== What you should do ==
Print each line below verbatim, skipping every picture.

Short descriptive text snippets

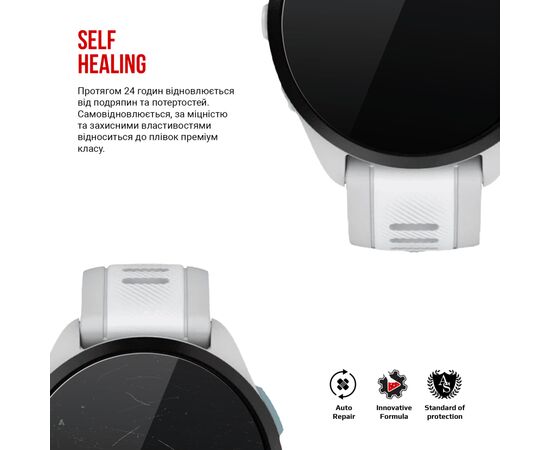 Плівка захисна Armorstandart hydrogel Garmin Forerunner 165 6 pcs (ARM91536), зображення 3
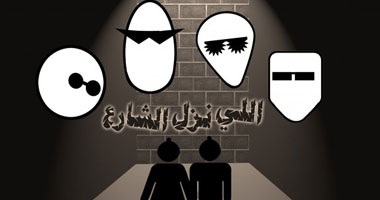عرض "الغولة" و"اللى نزل الشارع" على مسرحى الغد والسلام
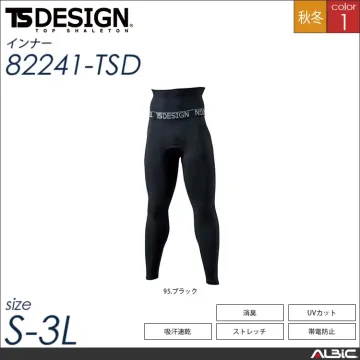 腹巻付きロングパンツ 【 82241-t...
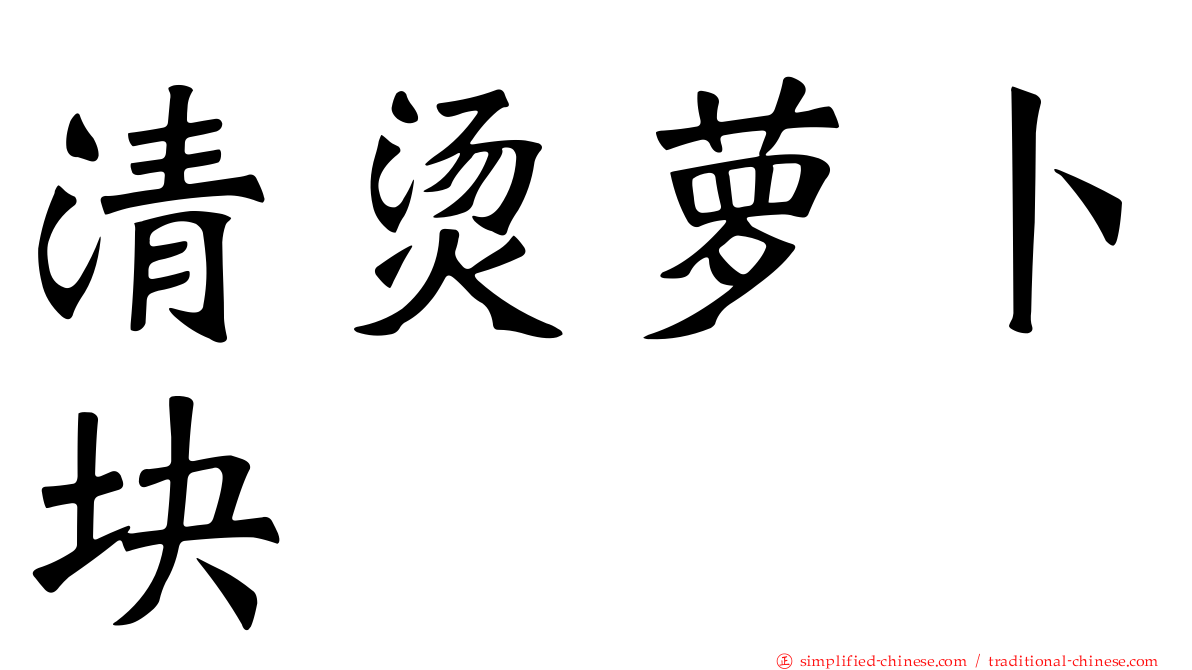 清烫萝卜块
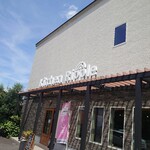 キッチン リップル - 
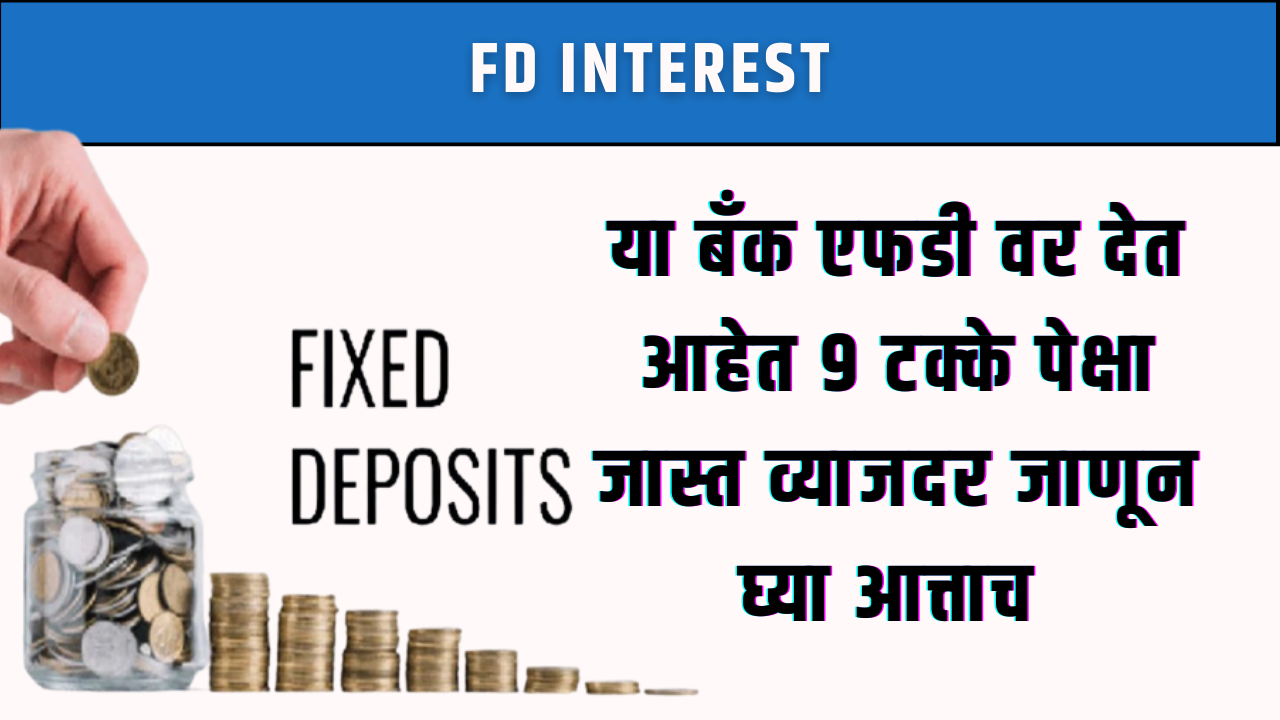 FD Interest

== Result below ==
 Плівка захисна Armorstandart hydrogel Garmin Forerunner 165 6 pcs (ARM91536), зображення 3
عرض "الغولة" و"اللى نزل الشارع" على مسرحى الغد والسلام
 腹巻付きロングパンツ 【 82241-t...
 清烫萝卜块
 キッチン リップル - 
 FD Interest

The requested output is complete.